ODC President Betsy Triplett-Hurt said the city has never required a third-party audit of the Hispanic Chamber — a revelation that emerged during the review. She said an outside accounting firm handles the organization’s bookkeeping but the scope of that work does not include the level of detail that an audit would, such as connecting spending to receipts.
“We just don’t have that assurance, that protection of taxpayers’ money,” Triplett-Hurt said. “And we did not realize until all this came about that their contract does not require them to have an audit. Shame on us. We didn’t realize the contract doesn’t require it. So why should they? And we don’t know why it doesn’t.”
Triplett-Hurt said the Hispanic Chamber is the only organization funded by the ODC that doesn’t get the independent audits.
Hispanic Chamber officials say they are cooperating with the review while the organization conducts its own investigation that seeks to answer “if any misconduct was done by past leadership,” as the chamber’s Interim CEO and Chair Ben Rubio described it at a recent press conference.
Public funds budgeted for the Hispanic Chamber this year totaled more than $305,000, paid in monthly installments.
Rubio said the organization has routinely reported financial information to the city and will cooperate with the review.
“Anything the city is going to ask for we are going to try our best to give them,” Rubio said. “We are cooperating 100 percent with the city and the ODC.”
The former CEO Price Arredondo, who was abruptly fired from his paid post on March 8, has denied any wrongdoing. Arredondo’s ouster came just before he was set to present a proposal to the ODC for changes to the Hispanic Chamber that would have included ending the paid position heading the Mexico Initiatives, an effort to build business ties with Mexico.

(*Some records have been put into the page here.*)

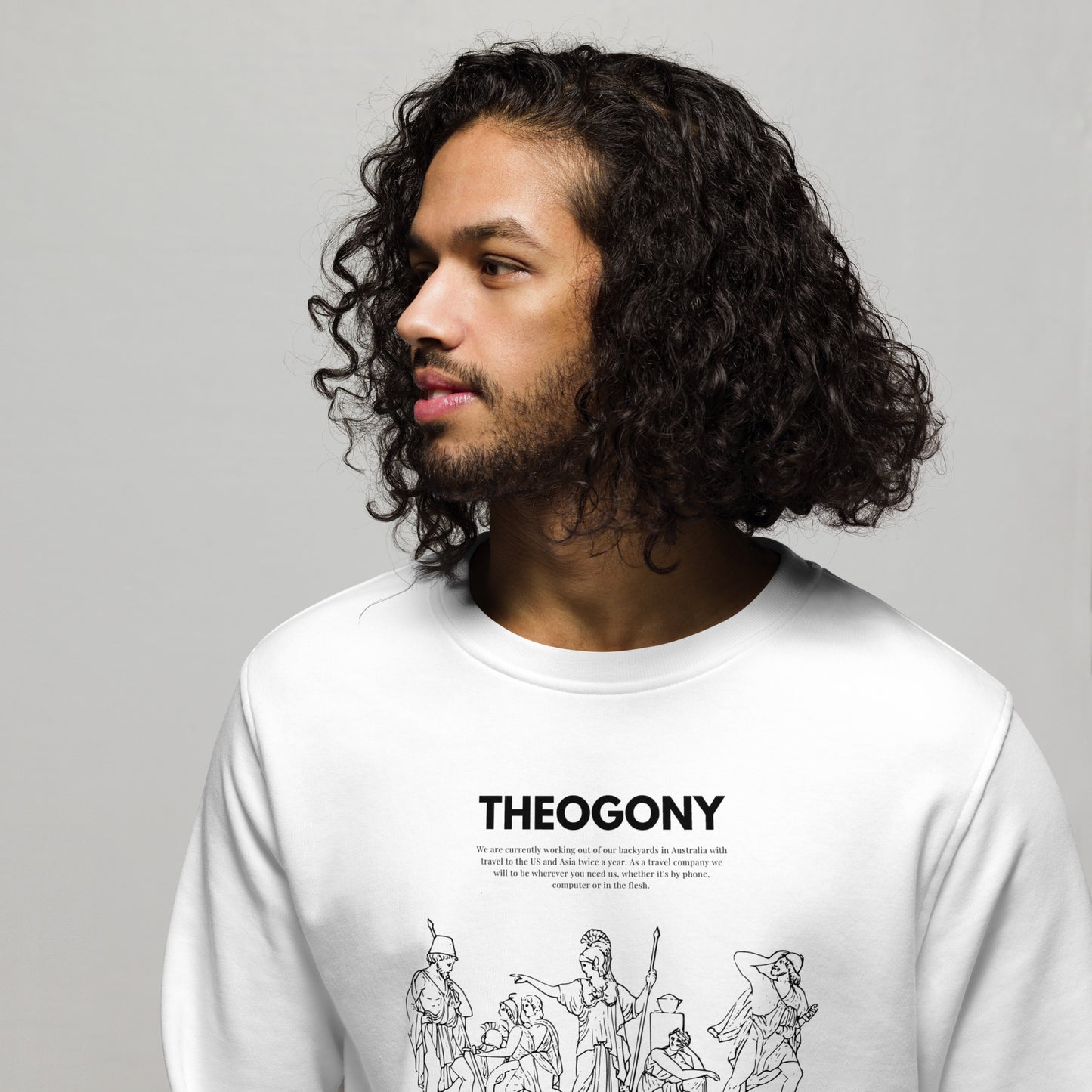 
                  
                    White Unisex organic sweatshirt | Ancient Greek Heroes Print
                  
                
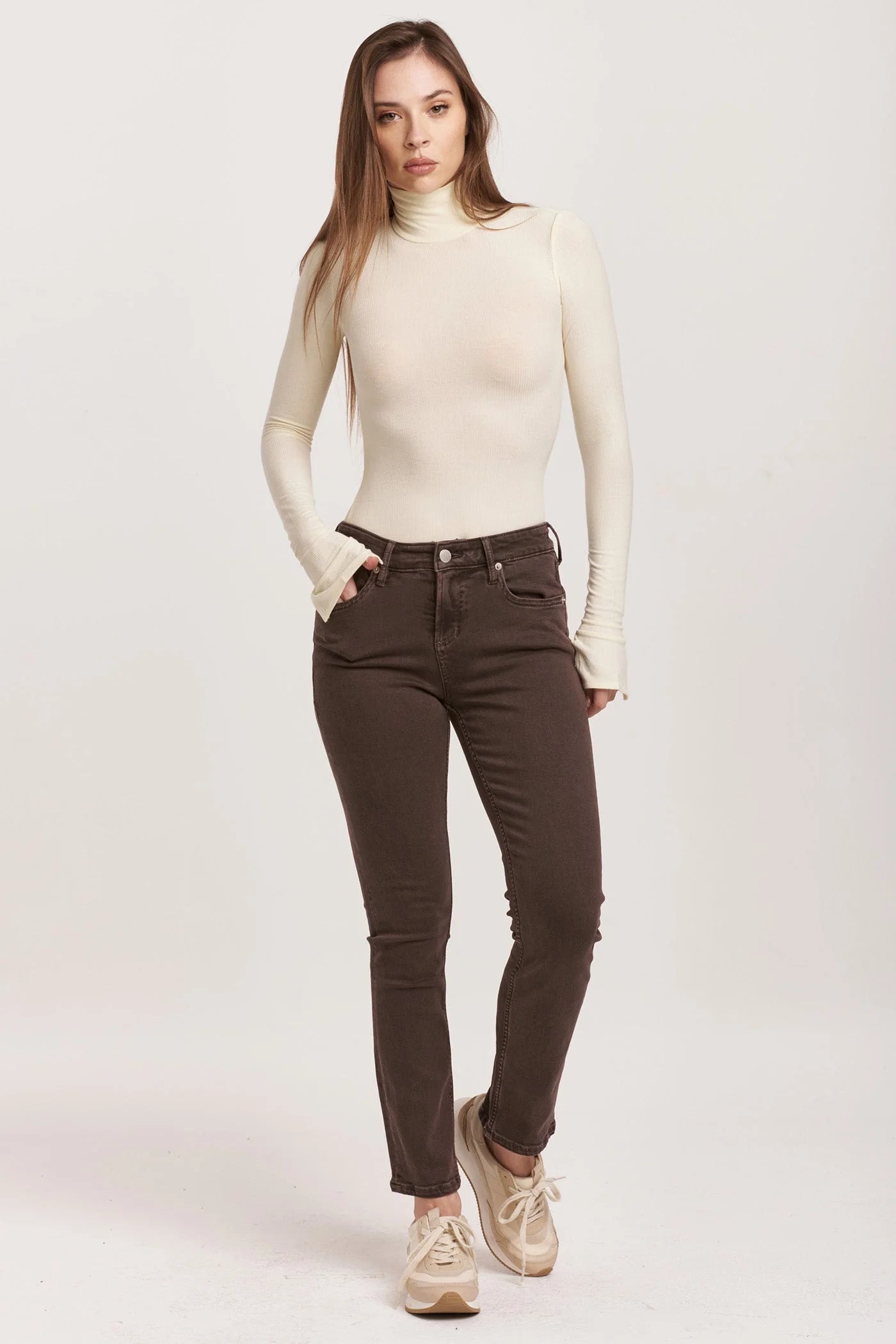 Blaire Mid-Rise Slim Straight Jeans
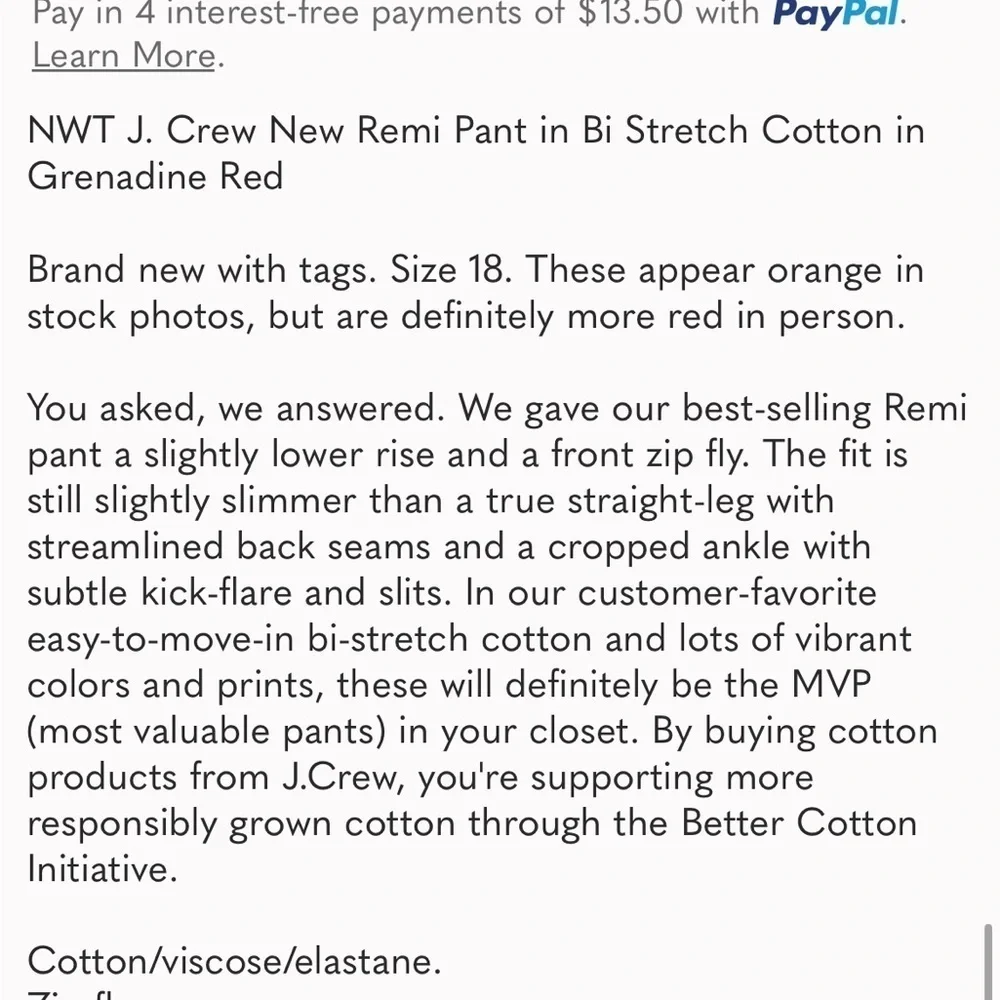 NWT J. Crew New Remi Pant in Bi Stretch Cotton in Grenadine Red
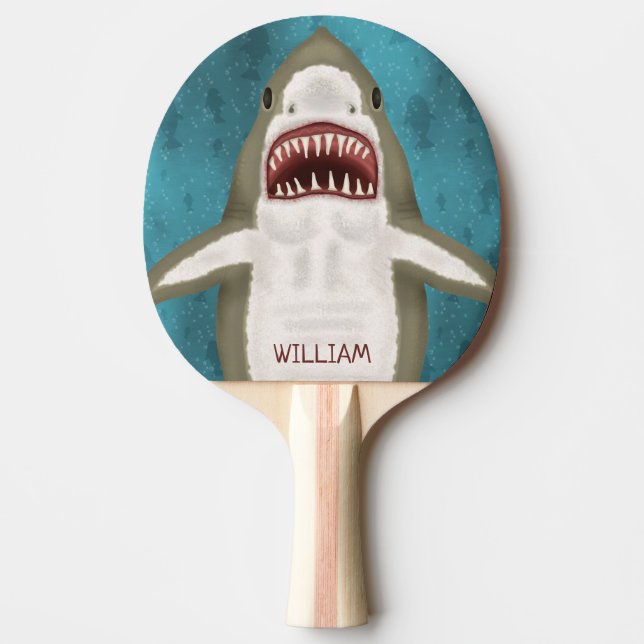 Great White Shark Attack Personalised Ocean Funny Ping Pong Paddle (Front)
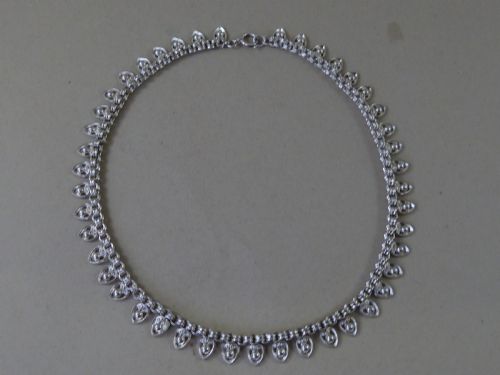 EDWARDIAN SOLID STERLING SILVER COLLAR PIERCED HEARTS ROUND LINK 18 CHAIN FRINGE NECKLACE - ADDITIONAL PHOTO 3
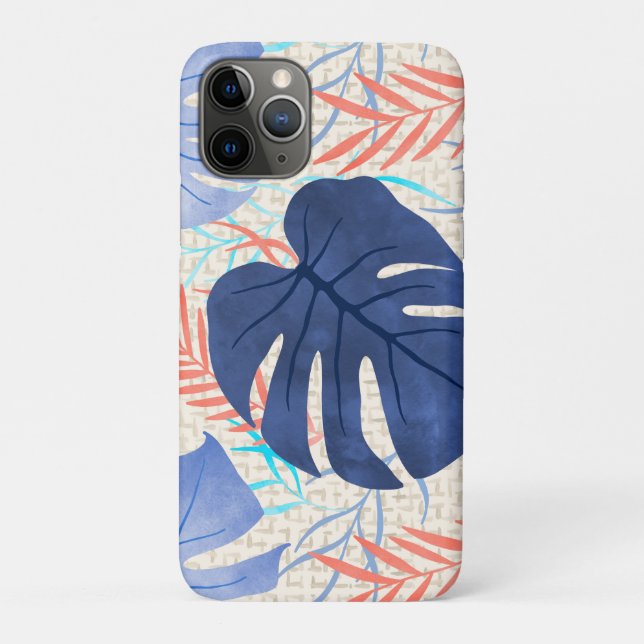 Funda De Case-Mate Para iPhone Maleah Monstera Tropical Hawaiana acuarela - Azul (Reverso)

Other new board members said they were also pushed out at the meeting, an account remaining Hispanic Chamber officials have disputed. Hispanic Chamber officials have not explained the reason for Arredondo’s removal.
The shake-up prompted concern by ODC board members about who was in charge of the Hispanic Chamber and how money was being spent.
Until this month, the paid position was filled by Raymond Chavez, who was paid about $58,000 by the city this year for six months of work. The project served as a lifeline for the Hispanic Chamber when Chavez founded it in 2014.
But early supporters including Mayor David Turner and some ODC board members have since criticized poor management by the Hispanic Chamber and a struggle documenting results.
Rubio, who says he is volunteering his time leading the organization, said there is no financial connection between the Hispanic Chamber and the Odessa Hispanic Chamber Charitable Foundation — meaning no public money goes to the charity — and that he and others who serve on the charity do not get paid. Public documents list Chavez as the president of the charity.
Turner said he did not know about the charity with the same address listed as the Hispanic Chamber.
“Those are questions that certainly need to be asked,” Turner said. “It may be totally innocent, and that’s fine. But if you have mail coming to an organization that’s titled something else, it needs to be a public record. All our books are public record.”
The ODC meets Thursday and is scheduled to the upcoming budgeting process for the coming fiscal year, when it’s expected that Hispanic Chamber officials will request new funding.
Rubio, at a Thursday news conference where he declined to take questions, asked Odessans for patience and promised to release the findings of the Hispanic Chamber’s investigation once it’s complete.
Interim City Attorney Gary Landers said he is leading “negotiations” between the city and the Hispanic Chamber that “are moving along well” but declined to discuss details of those talks.
“We’ll be able to verify where all the public money went and where it’s been accounted for,” Landers said.
An audit by a third-party may take longer than the 60-day period the organization had per its contract with the city before its public funding stops.
Landers and Triplett-Hurt said they anticipated an outcome of the review would be greater consistency in the way organizations funded through the ODC report back to the city.
“The good that’s coming out of all of this is everything is going to be straightened out, and everything will be done as it should be,” Triplett-Hurt said.